(Items from a data source)
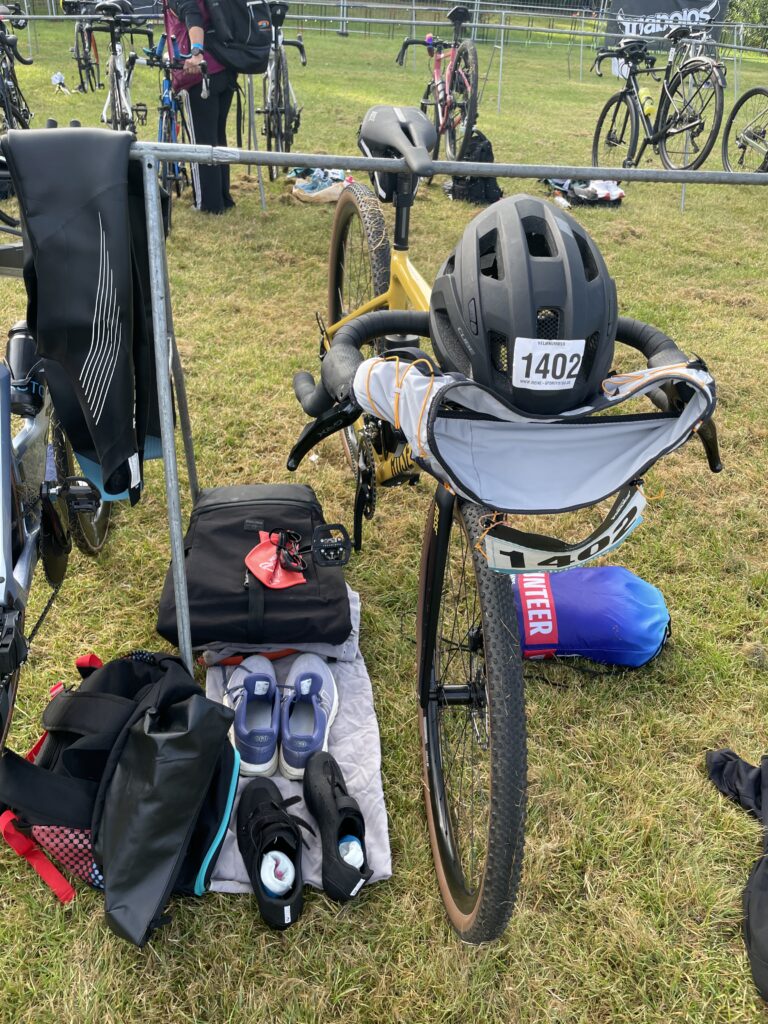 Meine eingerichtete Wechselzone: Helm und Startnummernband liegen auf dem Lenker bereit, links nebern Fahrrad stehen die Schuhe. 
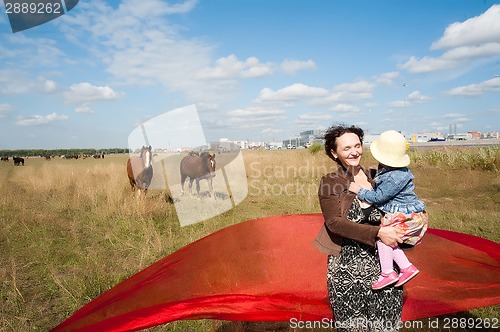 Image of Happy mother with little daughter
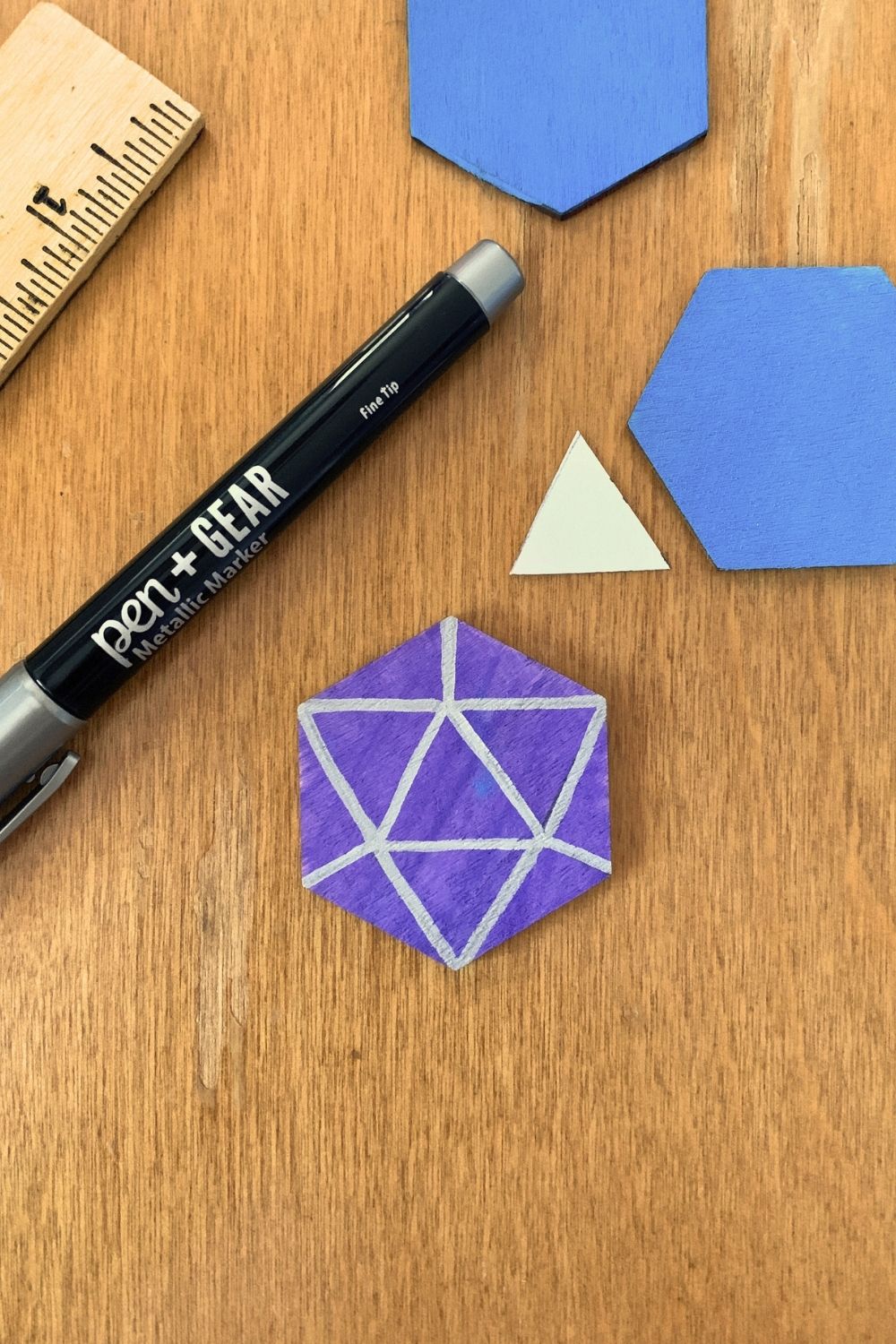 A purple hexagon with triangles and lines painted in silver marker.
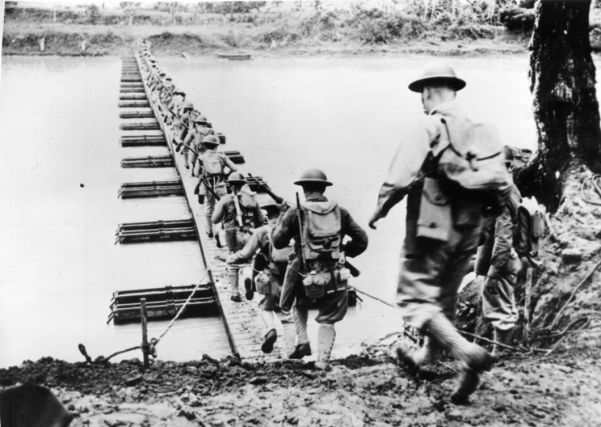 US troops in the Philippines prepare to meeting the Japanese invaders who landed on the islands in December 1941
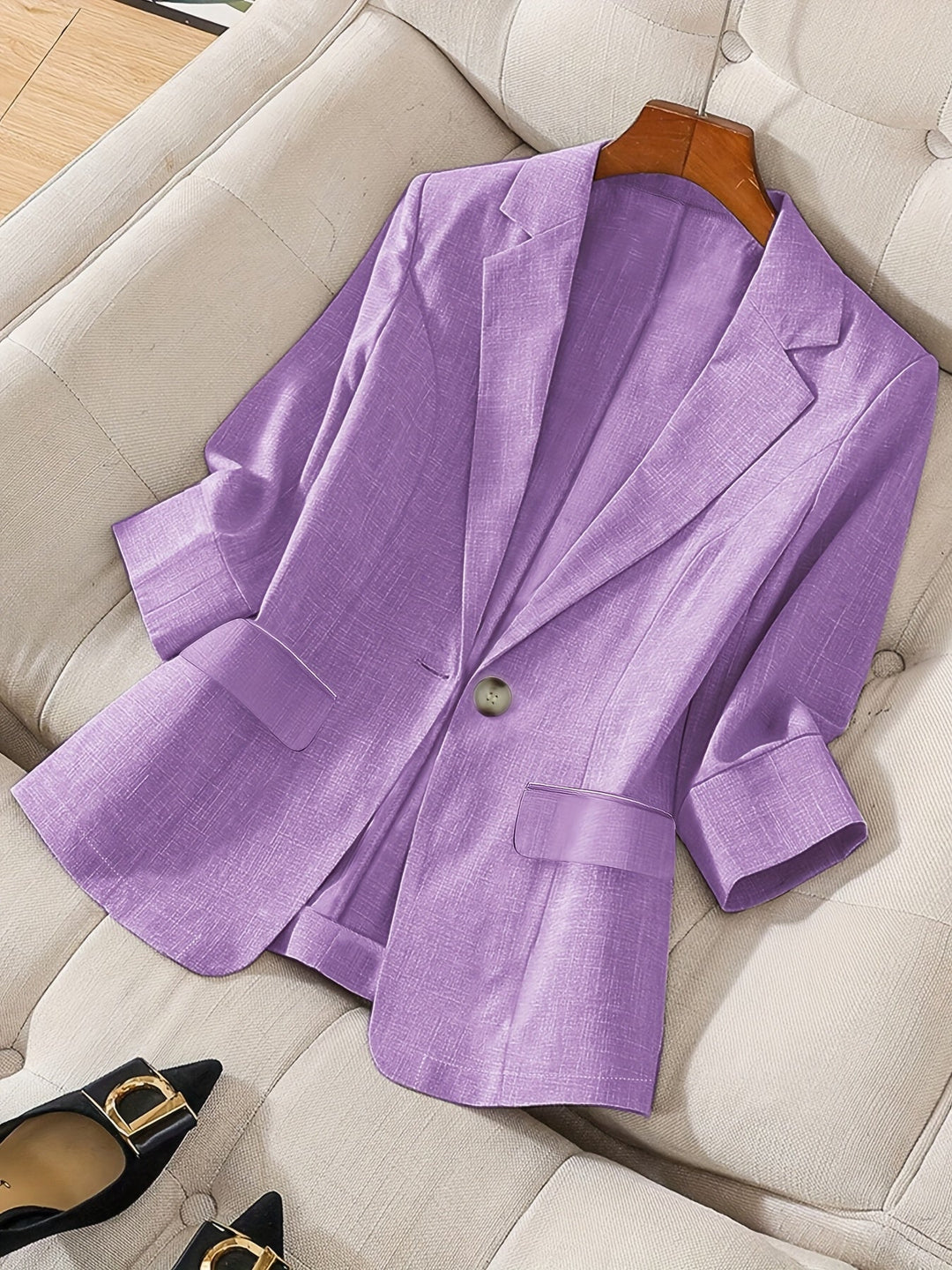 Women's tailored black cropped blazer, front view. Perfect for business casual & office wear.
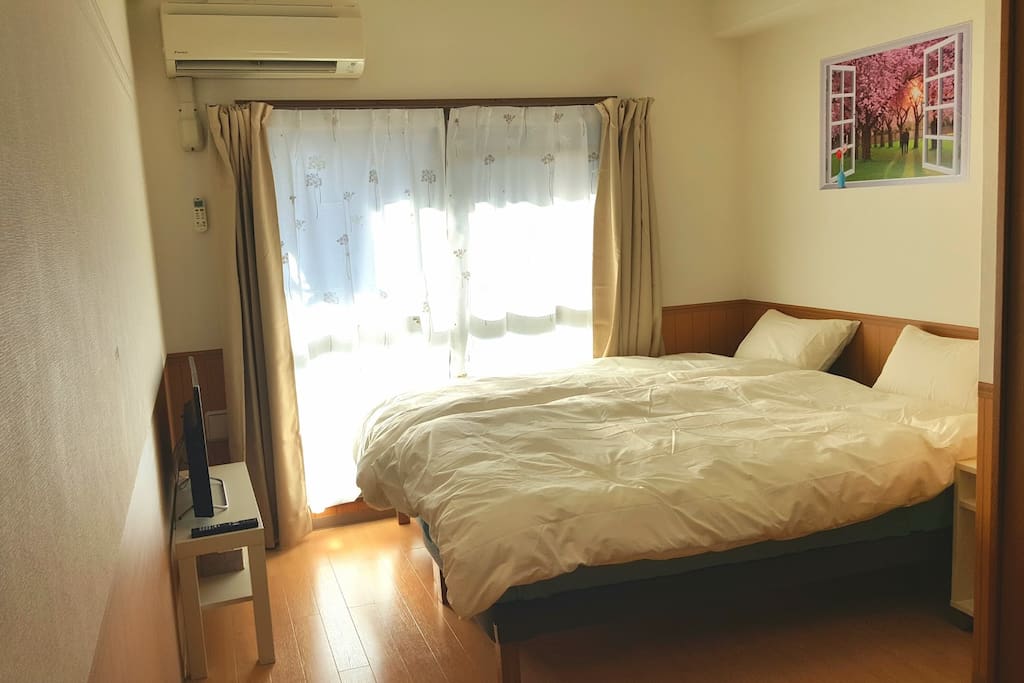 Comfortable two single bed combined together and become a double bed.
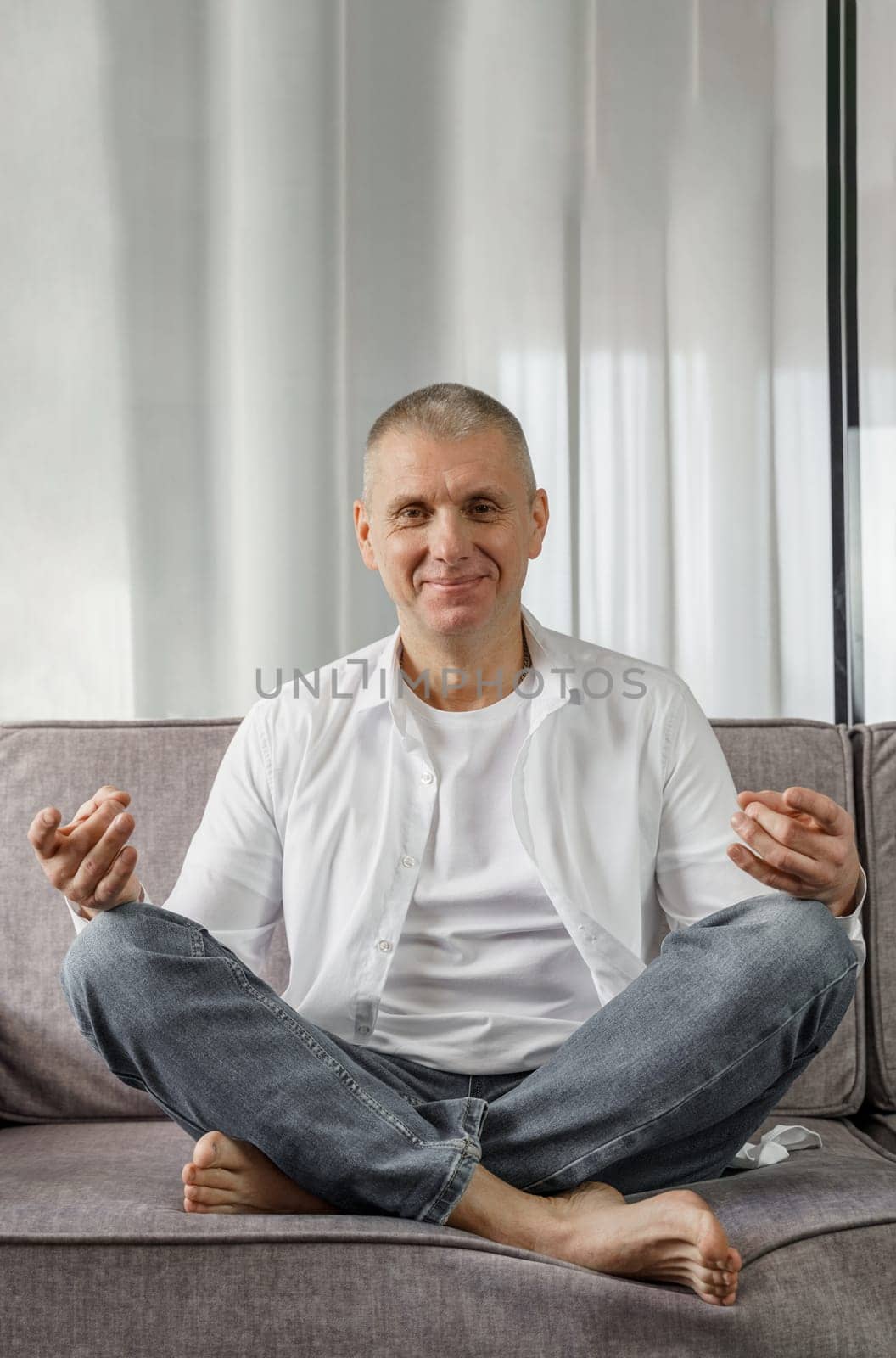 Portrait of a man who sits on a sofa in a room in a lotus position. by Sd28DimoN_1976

= WHAT THE TASK ASKS =
Could you write out the records again exactly, without any of their pictures?

= OUTPUT OF THE TASK =
 Meine eingerichtete Wechselzone: Helm und Startnummernband liegen auf dem Lenker bereit, links nebern Fahrrad stehen die Schuhe. 
 Image of Happy mother with little daughter
 A purple hexagon with triangles and lines painted in silver marker.
 US troops in the Philippines prepare to meeting the Japanese invaders who landed on the islands in December 1941
 Women's tailored black cropped blazer, front view. Perfect for business casual & office wear.
 Comfortable two single bed combined together and become a double bed.
 Portrait of a man who sits on a sofa in a room in a lotus position. by Sd28DimoN_1976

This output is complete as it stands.